What is required:
The lines to output run from the first line of the entries below through the line containing "Give Thanks to"; copy them exactly and leave out pictures.

[Web page caption snippets]

----------------

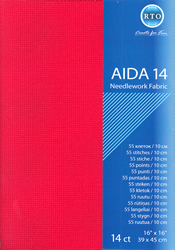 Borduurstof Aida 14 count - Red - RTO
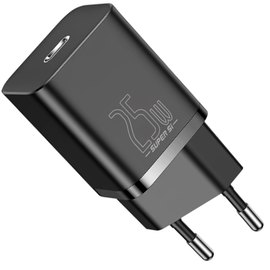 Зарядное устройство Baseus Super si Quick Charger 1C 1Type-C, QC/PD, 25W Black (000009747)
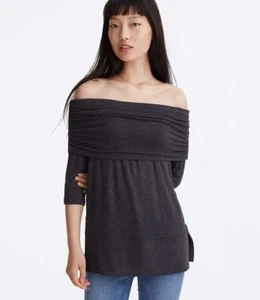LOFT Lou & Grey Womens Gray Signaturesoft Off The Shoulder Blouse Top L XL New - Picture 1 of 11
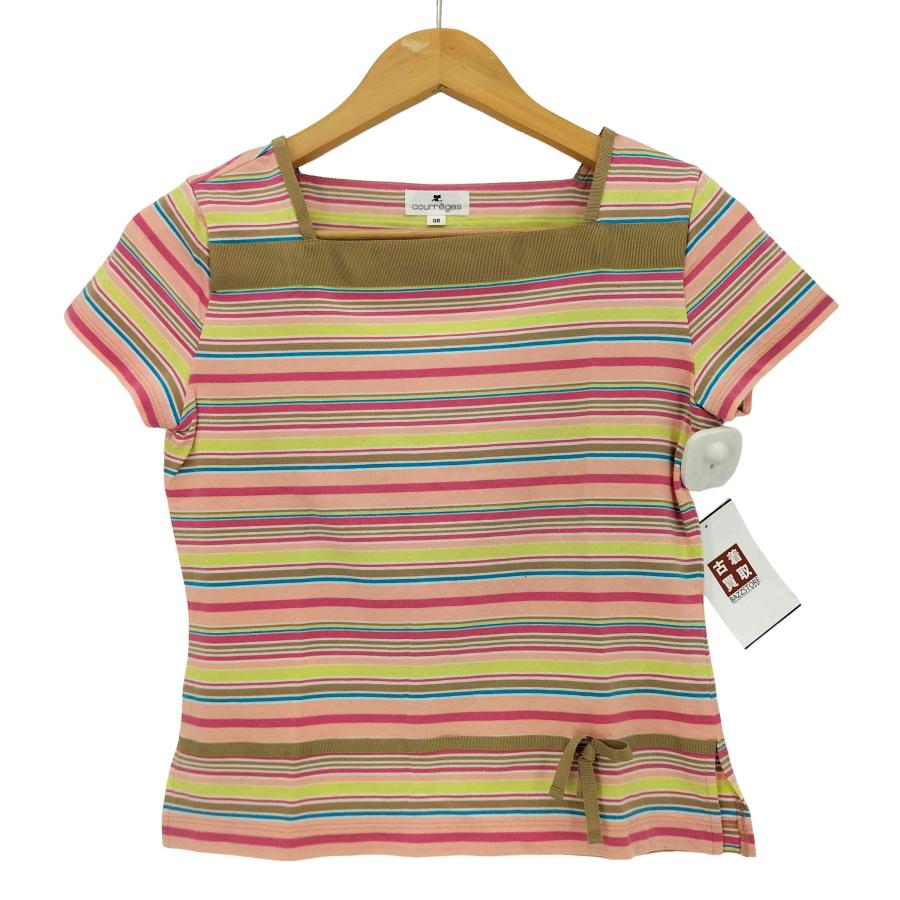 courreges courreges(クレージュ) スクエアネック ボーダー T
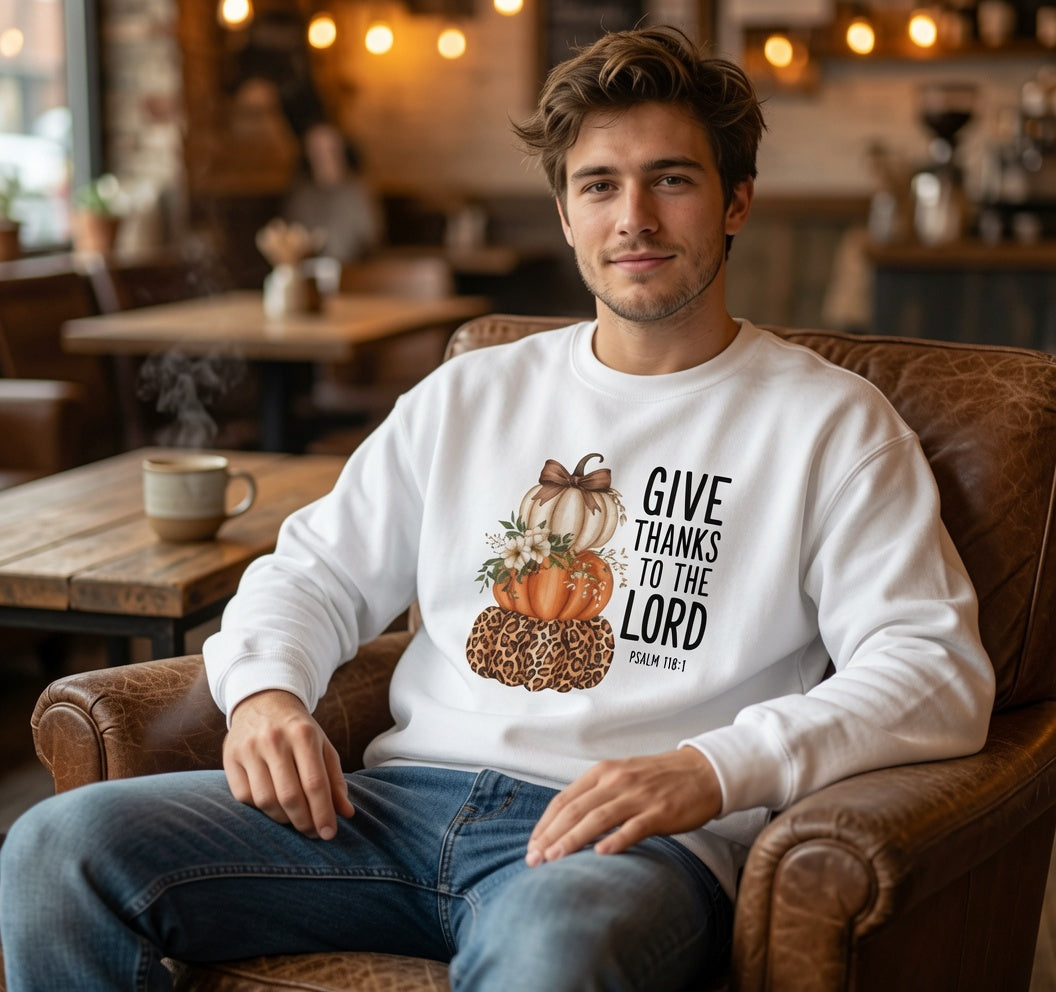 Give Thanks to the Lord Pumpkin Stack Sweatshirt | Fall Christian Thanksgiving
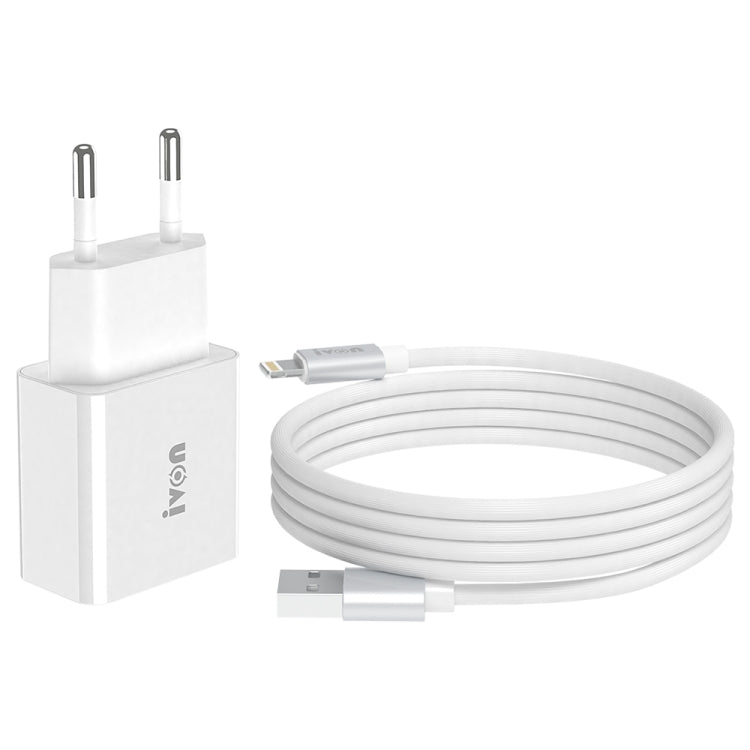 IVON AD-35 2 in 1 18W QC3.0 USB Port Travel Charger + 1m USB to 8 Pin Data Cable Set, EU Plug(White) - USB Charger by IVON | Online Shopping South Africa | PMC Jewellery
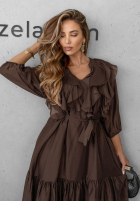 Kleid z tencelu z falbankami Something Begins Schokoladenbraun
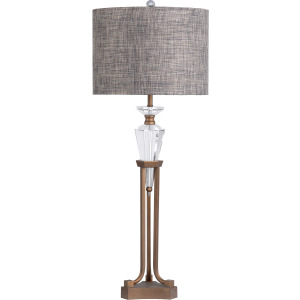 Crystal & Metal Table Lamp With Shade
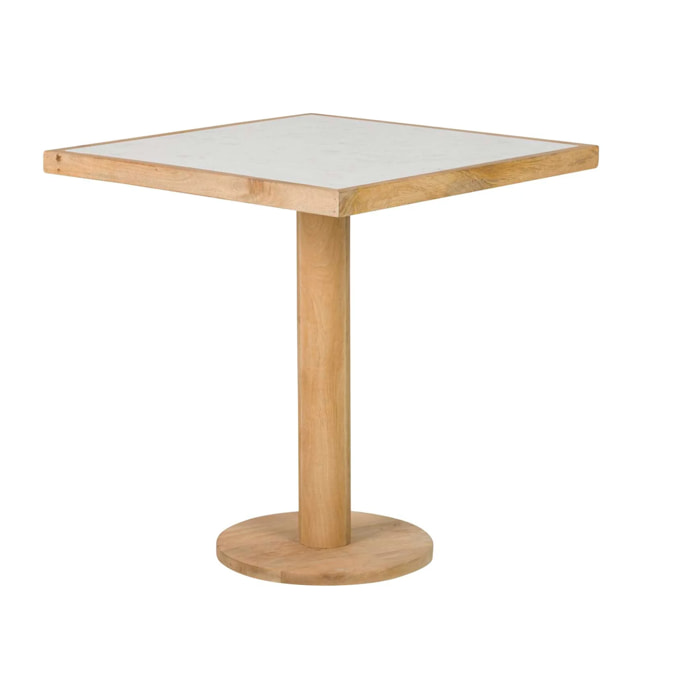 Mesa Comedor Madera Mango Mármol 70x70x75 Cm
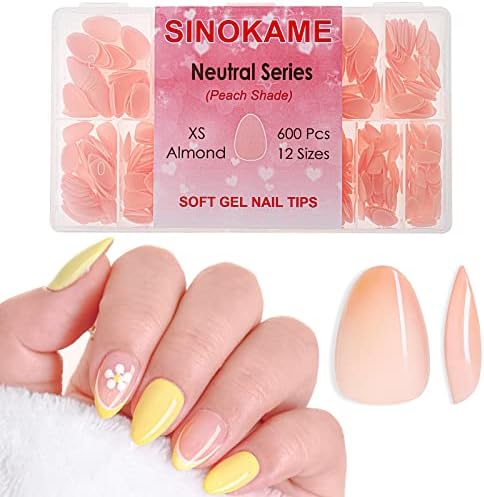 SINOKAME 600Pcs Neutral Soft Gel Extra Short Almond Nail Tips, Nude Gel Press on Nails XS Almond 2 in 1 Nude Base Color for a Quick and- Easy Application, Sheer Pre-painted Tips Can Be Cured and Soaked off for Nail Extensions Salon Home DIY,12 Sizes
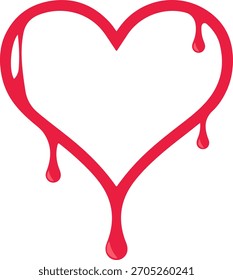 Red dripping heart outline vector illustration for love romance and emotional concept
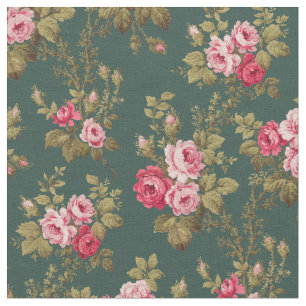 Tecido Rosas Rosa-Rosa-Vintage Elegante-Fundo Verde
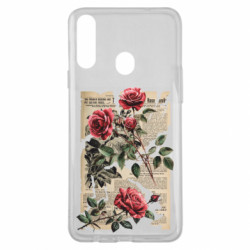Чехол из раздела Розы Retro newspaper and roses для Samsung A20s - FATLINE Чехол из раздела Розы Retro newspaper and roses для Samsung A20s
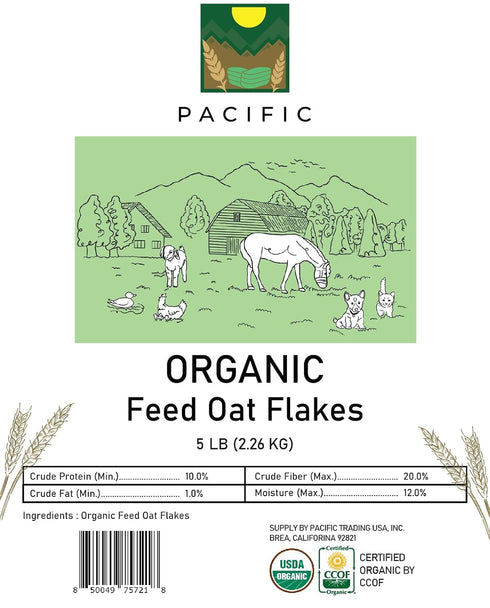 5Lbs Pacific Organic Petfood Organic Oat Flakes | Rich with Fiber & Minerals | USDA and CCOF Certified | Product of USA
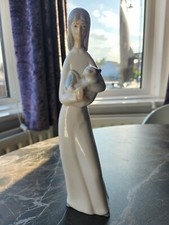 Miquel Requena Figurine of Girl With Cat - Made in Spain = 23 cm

----------------

Exercise answer:
 Borduurstof Aida 14 count - Red - RTO
 Зарядное устройство Baseus Super si Quick Charger 1C 1Type-C, QC/PD, 25W Black (000009747)
LOFT Lou & Grey Womens Gray Signaturesoft Off The Shoulder Blouse Top L XL New - Picture 1 of 11
 courreges courreges(クレージュ) スクエアネック ボーダー T
 Give Thanks to the Lord Pumpkin Stack Sweatshirt | Fall Christian Thanksgiving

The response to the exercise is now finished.